Über die Österreichische Bundesfinanzierungsagentur – kurz OeBFA – suchte die Wien Energie um 2 Milliarden Euro Liquiditäts-Stütze an. Womit man nicht gerechnet hatte: Der Finanzminister kommunizierte das Ansuchen noch Sonntag Nacht als dramatisch und sprach von einer “Katastrophe in der Bundeshauptstadt”, sogar von angeblicher Pleite war die Rede. Jetzt, zwei Tage später, sieht die Lage schon wieder ganz anders aus. Denn: die Strompreise an der Leipziger Börse sind wieder auf 630 Euro pro MWh gefallen, das Problem der Wien Energie ist vorerst beendet. Die Wien Energie hat am Dienstag statt einer Kaution von 2 Milliarden leisten zu müssen, eine Gutschrift von 798 Mio. Euro erhalten. “Man sieht, welche unglaubliche Entwicklung dieser Strommarkt durchmacht”, sagt Stadtrat Hanke. “Man muss das System überdenken.”
Der europäische Strommarkt, die Strombörse, ist “verrückt”, wie es der Wiener Stadtrat beschreibt. Was ist da genau passiert in den letzten Tagen? Was hat die Stadt Wien unternommen? Was kommt noch?
Hier die wichtigsten Fragen und Antworten zu den Vorgängen der letzten Tage:
Warum handelt die Wien Energie überhaupt an der Börse – und wie funktioniert die?
Die Wien Energie ist abhängiger von den Strombörsen als andere Energieanbieter wie der Verbund, der fast 35 Mio. Megawattstunden aus Wasserkraft produziert, aber nur 500.000 Kunden hat. In Wien lässt sich wenig Energie aus Wasserkraftwerken gewinnen – die Windräder auf der Donauinsel und die Photovoltaik-Anlagen von Wien Energie erzeugen insgesamt 6 Mio. Megawattstunden Strom, die Stadtwerke versorgen ihre Kunden aber mit 10,5 Mio. Megawattstunden Strom – und zwar auch bis nach Niederösterreich.

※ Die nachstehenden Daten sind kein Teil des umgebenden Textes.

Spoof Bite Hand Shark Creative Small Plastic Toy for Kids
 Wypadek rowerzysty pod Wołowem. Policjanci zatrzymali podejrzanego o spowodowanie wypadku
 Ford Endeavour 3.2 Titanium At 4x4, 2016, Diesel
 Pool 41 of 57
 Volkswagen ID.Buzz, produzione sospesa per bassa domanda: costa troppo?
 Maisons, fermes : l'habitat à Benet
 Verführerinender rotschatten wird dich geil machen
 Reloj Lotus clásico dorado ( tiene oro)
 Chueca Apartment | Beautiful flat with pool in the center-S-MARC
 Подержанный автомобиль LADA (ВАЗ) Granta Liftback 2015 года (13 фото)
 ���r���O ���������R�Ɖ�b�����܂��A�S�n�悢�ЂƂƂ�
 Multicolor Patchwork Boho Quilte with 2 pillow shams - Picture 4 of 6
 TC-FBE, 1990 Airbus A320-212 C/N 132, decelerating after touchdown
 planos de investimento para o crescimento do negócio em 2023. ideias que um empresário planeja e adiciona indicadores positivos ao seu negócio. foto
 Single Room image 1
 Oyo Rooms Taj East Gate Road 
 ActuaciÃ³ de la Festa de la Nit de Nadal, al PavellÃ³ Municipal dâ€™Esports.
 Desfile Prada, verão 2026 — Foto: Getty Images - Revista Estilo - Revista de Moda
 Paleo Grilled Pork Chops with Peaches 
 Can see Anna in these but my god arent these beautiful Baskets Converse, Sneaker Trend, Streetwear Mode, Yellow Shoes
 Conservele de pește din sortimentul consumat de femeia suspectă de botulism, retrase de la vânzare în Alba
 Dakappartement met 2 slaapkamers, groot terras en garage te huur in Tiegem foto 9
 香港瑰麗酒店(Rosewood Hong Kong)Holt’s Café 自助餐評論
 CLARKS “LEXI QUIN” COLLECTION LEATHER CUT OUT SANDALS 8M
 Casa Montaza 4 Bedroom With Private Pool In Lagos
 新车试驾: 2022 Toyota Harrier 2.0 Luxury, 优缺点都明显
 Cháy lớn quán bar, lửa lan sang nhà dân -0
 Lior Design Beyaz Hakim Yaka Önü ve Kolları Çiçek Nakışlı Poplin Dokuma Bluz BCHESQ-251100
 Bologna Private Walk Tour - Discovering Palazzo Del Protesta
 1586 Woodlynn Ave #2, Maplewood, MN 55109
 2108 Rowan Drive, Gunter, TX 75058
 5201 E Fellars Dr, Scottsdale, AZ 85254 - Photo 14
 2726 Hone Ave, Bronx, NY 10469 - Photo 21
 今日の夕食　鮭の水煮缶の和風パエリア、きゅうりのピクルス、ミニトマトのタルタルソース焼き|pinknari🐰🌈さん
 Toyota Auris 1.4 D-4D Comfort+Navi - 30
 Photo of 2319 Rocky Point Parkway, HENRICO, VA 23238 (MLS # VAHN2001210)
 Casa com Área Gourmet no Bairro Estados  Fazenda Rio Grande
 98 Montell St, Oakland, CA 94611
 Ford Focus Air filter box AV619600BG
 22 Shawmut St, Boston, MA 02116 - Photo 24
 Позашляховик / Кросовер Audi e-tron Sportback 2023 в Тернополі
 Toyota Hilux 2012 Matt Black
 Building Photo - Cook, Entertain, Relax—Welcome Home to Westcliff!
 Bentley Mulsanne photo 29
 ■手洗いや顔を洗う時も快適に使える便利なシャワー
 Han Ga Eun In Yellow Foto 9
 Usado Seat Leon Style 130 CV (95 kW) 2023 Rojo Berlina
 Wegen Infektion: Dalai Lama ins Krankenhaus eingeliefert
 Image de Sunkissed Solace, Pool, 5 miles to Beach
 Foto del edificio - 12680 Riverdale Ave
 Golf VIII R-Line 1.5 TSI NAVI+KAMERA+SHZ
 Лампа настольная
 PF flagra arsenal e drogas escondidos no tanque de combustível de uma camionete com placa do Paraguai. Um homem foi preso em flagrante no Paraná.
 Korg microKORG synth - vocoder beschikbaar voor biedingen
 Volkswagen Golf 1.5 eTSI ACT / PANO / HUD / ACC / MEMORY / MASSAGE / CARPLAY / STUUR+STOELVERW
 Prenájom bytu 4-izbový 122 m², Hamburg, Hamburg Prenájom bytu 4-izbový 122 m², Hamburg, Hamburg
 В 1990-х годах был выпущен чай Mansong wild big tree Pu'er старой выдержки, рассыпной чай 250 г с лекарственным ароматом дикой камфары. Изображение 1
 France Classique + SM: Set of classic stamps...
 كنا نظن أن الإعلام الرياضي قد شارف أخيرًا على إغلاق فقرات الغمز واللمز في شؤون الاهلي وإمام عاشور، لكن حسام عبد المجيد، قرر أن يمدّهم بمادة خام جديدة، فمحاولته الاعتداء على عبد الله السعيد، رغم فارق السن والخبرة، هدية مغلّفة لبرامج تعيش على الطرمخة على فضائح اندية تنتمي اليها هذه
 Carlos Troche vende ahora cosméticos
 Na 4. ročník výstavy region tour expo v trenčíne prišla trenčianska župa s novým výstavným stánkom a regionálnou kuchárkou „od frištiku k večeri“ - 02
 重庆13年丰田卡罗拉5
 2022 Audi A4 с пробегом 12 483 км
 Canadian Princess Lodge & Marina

Das heißt: Wien Energie muss über 40 Prozent des Stroms, den sie ihren Kunden verkauft, am Markt besorgen. Aber Wien Energie hat auch den Strom aus der eigenen erwarteten Produktion verkauft – und daraus entstand der Margin Call. Am liberalisierten Energiemarkt ist es üblich, den Strom aus den eigenen Kraftwerken zu verkaufen und ein passendes Stromprofil für die Kunden einzukaufen. “Eine Kilowattstunde wird zwischen Erzeugung und Verbrauch sieben bis zehn Mal verkauft, das ist das Wesen liberalisierter Märkte”, erklärt der Aufsichtsrats-Chef der Wien Energie, Peter Weinelt, bei einer Pressekonferenz. Das sei der übliche Ablauf am Strommarkt, der sich nur durch politische Reformen ändern lässt.
Der Handel funktioniert auf den Strombörsen über sogenannte Strom-Futures. Das sind “Termingeschäfte”, bei denen ein Verkäufer – etwa die Wien Energie – und ein Käufer z.B. im Jänner 2022 vereinbaren, im Jänner 2023 eine bestimmte Menge Strom zu einem bestimmten Preis zu handeln. Steigt der Strompreis bis dahin über den vereinbarten Future-Preis, steigt der Käufer besser aus und der Verkäufer macht weniger Gewinn als er könnte. Sinkt der Preis, ist es umgekehrt.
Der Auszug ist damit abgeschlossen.